Si j’avais pu comprendre le langage des hommes, j’aurais exprimé à Charlie la solitude dans laquelle me laissait son grand-père. Sa voix tremblante et ses yeux tristes malgré le début de la transhumance m’accablaient davantage. Ma tête reposait dans ses bras menus et ma crinière devenait soyeuse sous ses doigts habiles. Elle m’enveloppait d’une sérénité incroyable et gagnait ma confiance.

_ « Tu m’as appelé ? »

C’était Mathieu qui nous interrompait. Sa sacoche dans une main, il nous rejoignait d’un pas moins empressé que de coutume.

_ Je veux que tu l’examines.

_ « Charlie… Azul ne devrait plus monter avec vous. »

Le soupire qu’il lançait, déchirait l’atmosphère. Je savais qu’il avait raison.

_ Grand-père veut qu’il y retourne une dernière fois. Je le monterai moi-même !

Les examens n’étaient pas mauvais semblait-il. Mais Charlie ne serait pas en tête du convoi cette fois-ci.

_ « Laisse-moi t’accompagner ! » Suppliait le jeune homme, alors que les yeux de son amie baignaient de larmes.

_ Marc sera là. Il a déjà tout prévu.

_ « Tu ne comprends pas. Je ne viendrai pas en tant que vétérinaire… »

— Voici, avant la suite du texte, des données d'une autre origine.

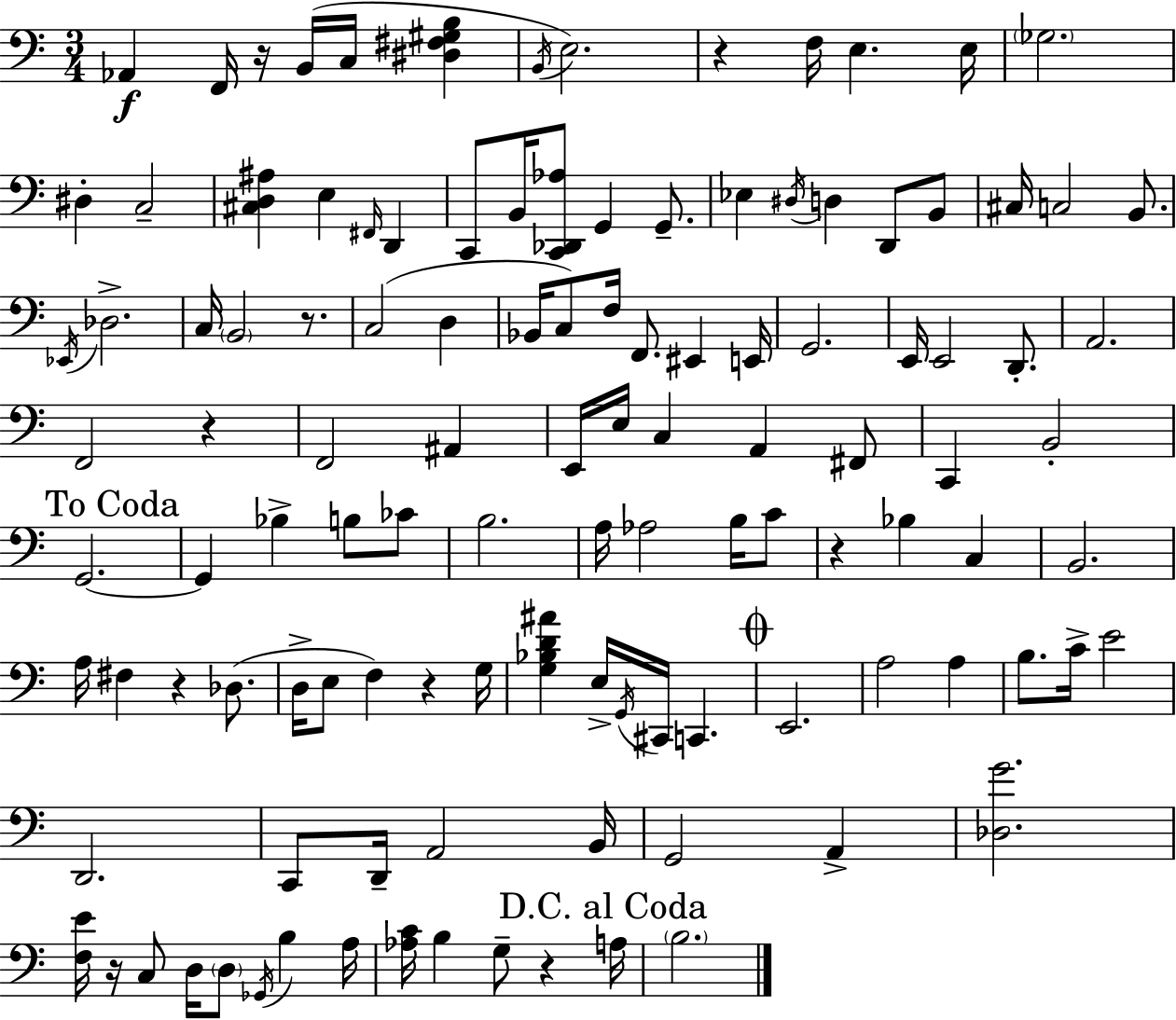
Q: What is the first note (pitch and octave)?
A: Ab2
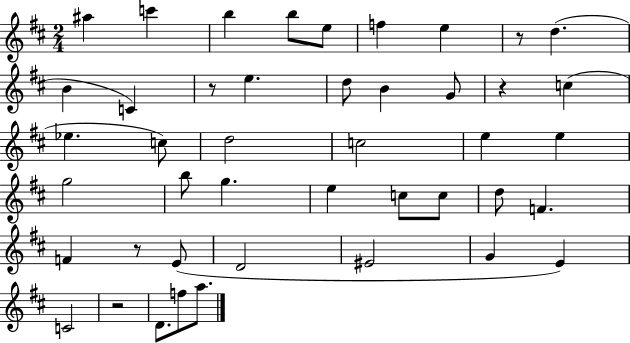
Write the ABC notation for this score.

X:1
T:Untitled
M:2/4
L:1/4
K:D
^a c' b b/2 e/2 f e z/2 d B C z/2 e d/2 B G/2 z c _e c/2 d2 c2 e e g2 b/2 g e c/2 c/2 d/2 F F z/2 E/2 D2 ^E2 G E C2 z2 D/2 f/2 a/2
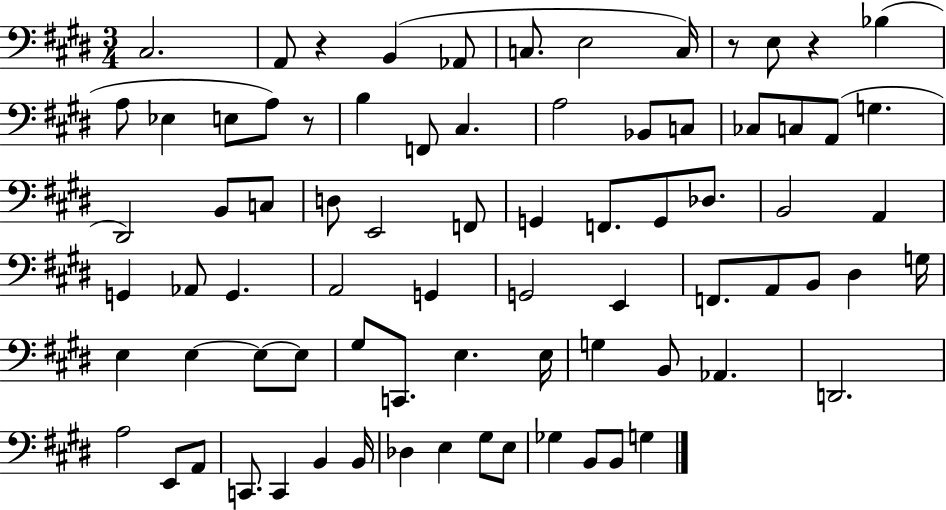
{
  \clef bass
  \numericTimeSignature
  \time 3/4
  \key e \major
  cis2. | a,8 r4 b,4( aes,8 | c8. e2 c16) | r8 e8 r4 bes4( | \break a8 ees4 e8 a8) r8 | b4 f,8 cis4. | a2 bes,8 c8 | ces8 c8 a,8( g4. | \break dis,2) b,8 c8 | d8 e,2 f,8 | g,4 f,8. g,8 des8. | b,2 a,4 | \break g,4 aes,8 g,4. | a,2 g,4 | g,2 e,4 | f,8. a,8 b,8 dis4 g16 | \break e4 e4~~ e8~~ e8 | gis8 c,8. e4. e16 | g4 b,8 aes,4. | d,2. | \break a2 e,8 a,8 | c,8. c,4 b,4 b,16 | des4 e4 gis8 e8 | ges4 b,8 b,8 g4 | \break \bar "|."
}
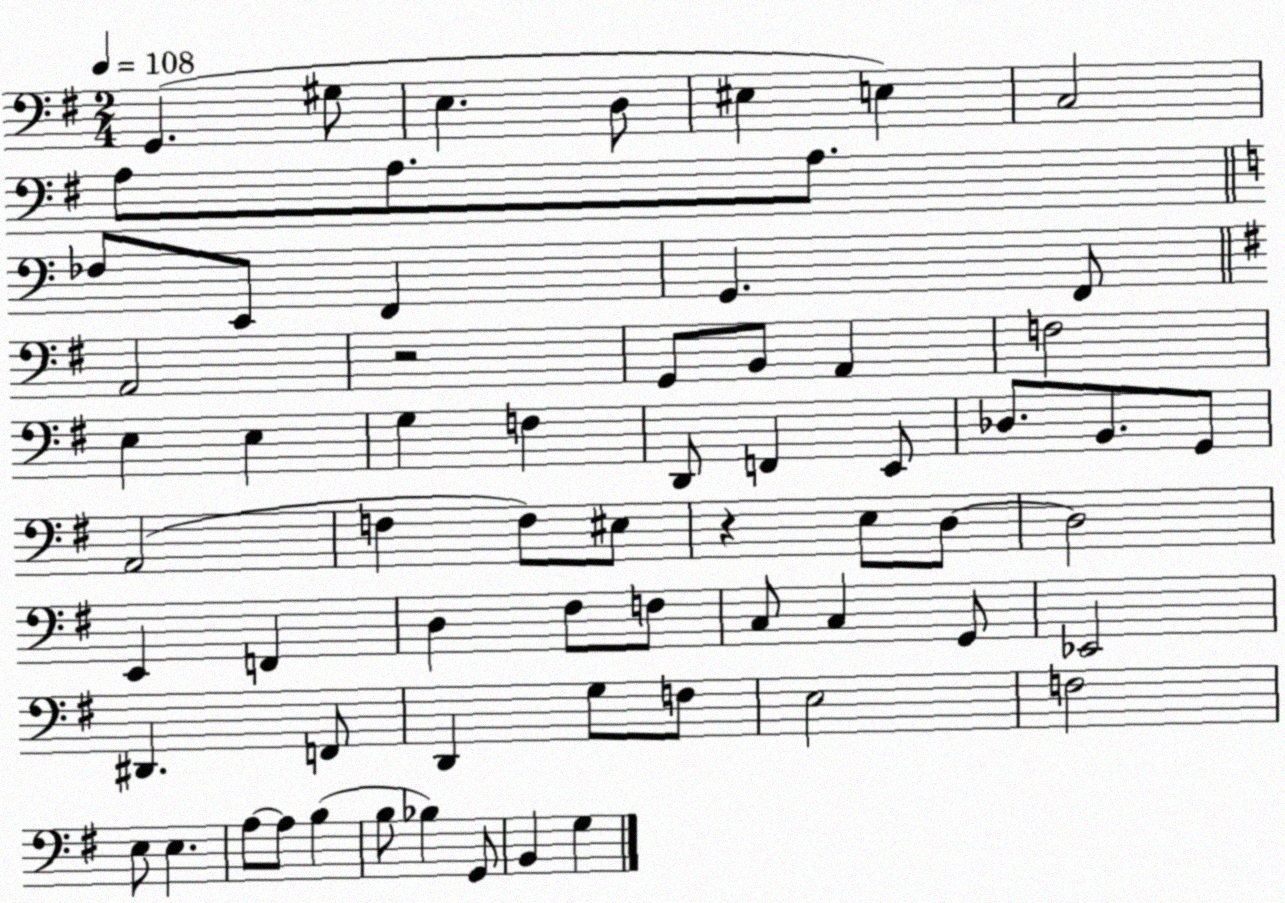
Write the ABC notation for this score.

X:1
T:Untitled
M:2/4
L:1/4
K:G
G,, ^G,/2 E, D,/2 ^E, E, C,2 A,/2 A,/2 A,/2 _F,/2 E,,/2 F,, G,, F,,/2 A,,2 z2 G,,/2 B,,/2 A,, F,2 E, E, G, F, D,,/2 F,, E,,/2 _D,/2 B,,/2 G,,/2 A,,2 F, F,/2 ^E,/2 z E,/2 D,/2 D,2 E,, F,, D, ^F,/2 F,/2 C,/2 C, G,,/2 _E,,2 ^D,, F,,/2 D,, G,/2 F,/2 E,2 F,2 E,/2 E, A,/2 A,/2 B, B,/2 _B, G,,/2 B,, G,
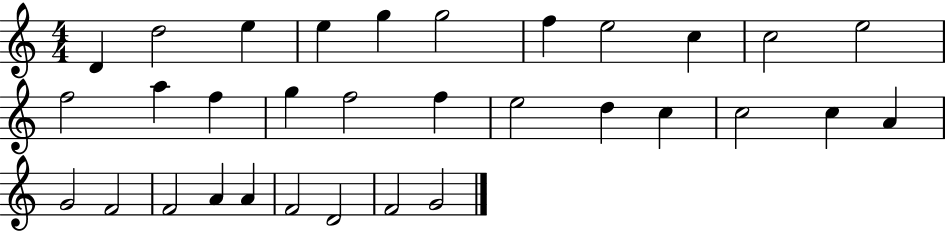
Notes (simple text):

D4/q D5/h E5/q E5/q G5/q G5/h F5/q E5/h C5/q C5/h E5/h F5/h A5/q F5/q G5/q F5/h F5/q E5/h D5/q C5/q C5/h C5/q A4/q G4/h F4/h F4/h A4/q A4/q F4/h D4/h F4/h G4/h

_ Mathieu, nous en avons déjà parlé.

Cependant, le jeune homme entourait ses épaules et l’entraînait avec lui, m’enlevant le seul réconfort dont j’avais besoin. Les sangles ajustées, les fers fixés et les fardeaux attachés, le convoi pu enfin prendre la route des montagnes. A l’arrière, je sentais déjà la faiblesse de mes pattes trahir le temps passé. Charlie me laissait la guider. Je connaissais parfaitement le chemin. Seul là-haut, j’aurais pu revenir au domaine. Cette fois-ci, j’étais nerveux. Ce n’était pas le vieux moustachu que je portais : c’était une jeune femme rongée par l’appréhension, une jeune femme hésitante. Oui, j’étais vieux mais encore robuste pour effectuer ce voyage. Charlie devait simplement me faire confiance.

_ Allez, Azul !

Ses encouragements autant que ses petites tapes sur l’encolure me faisaient curieusement avancer. Je voulais aller au bout du périple, comme par le passé. Pour une dernière expédition, il fallait qu’elle soit fière de moi ainsi que son grand-père l’était. Et puis, notre ascension poursuivit encore quelques jours jusqu’à ce que les flots d’un ruisseau capricieux me surprennent. Je sentais les talonnades sur mes flancs, je percevais les sifflements stridents. Mais j’étais incapable de traverser ce minuscule ruisseau. Je renâclais toujours, et Charlie s’entêtait. Si mon comportement l’inquiétait, elle sortirait certainement la cravache. Elle eut un geste brusque qui finit de me paniquer. Frappant la terre humide, je me cabrai aussitôt espérant la faire tomber. J’y parvins. Cependant, l’agilité de la jeune femme était certaine. Elle se releva aussi vite pour me rattraper fermement par la bride.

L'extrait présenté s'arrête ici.